* WORK TASK:
What is needed is a word-for-word copy of the lines below from the one with "Creator: Unknown Discussing" through the one with "Imagen de los", both included, with every picture left out.

* MATERIAL TO PROCESS:
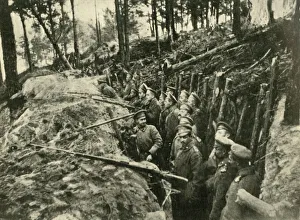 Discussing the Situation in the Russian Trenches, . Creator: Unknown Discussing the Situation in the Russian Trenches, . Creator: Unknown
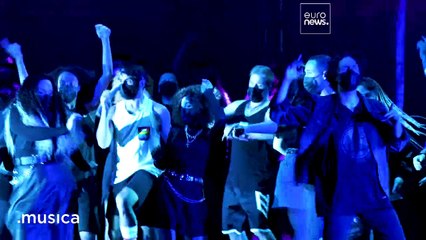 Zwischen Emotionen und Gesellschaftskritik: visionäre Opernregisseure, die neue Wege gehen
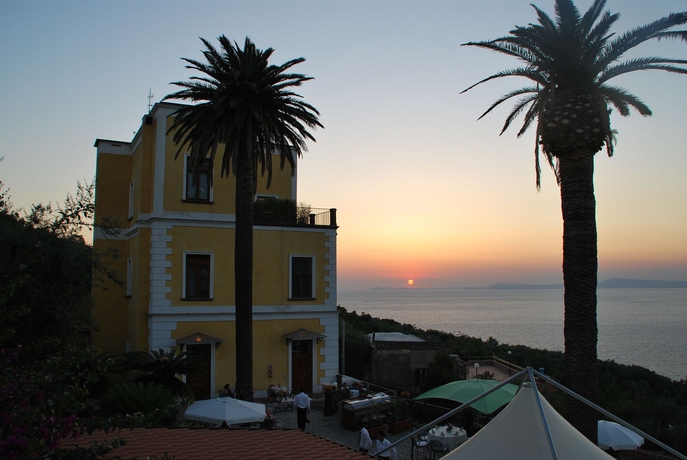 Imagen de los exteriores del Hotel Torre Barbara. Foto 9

---

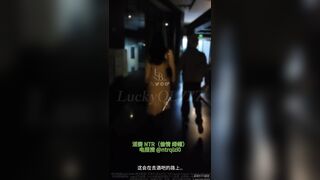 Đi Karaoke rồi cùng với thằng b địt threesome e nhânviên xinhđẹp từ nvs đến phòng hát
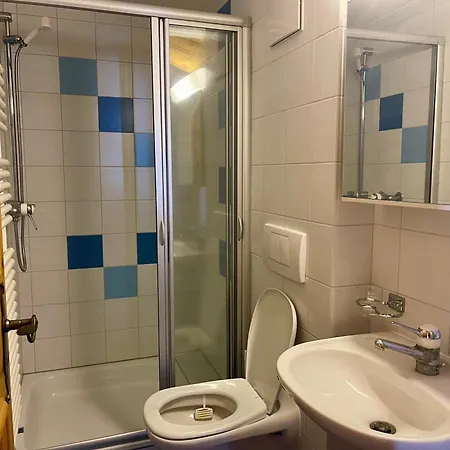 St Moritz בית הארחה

* WRITTEN ANSWER:
 Discussing the Situation in the Russian Trenches, . Creator: Unknown Discussing the Situation in the Russian Trenches, . Creator: Unknown
 Zwischen Emotionen und Gesellschaftskritik: visionäre Opernregisseure, die neue Wege gehen
 Imagen de los exteriores del Hotel Torre Barbara. Foto 9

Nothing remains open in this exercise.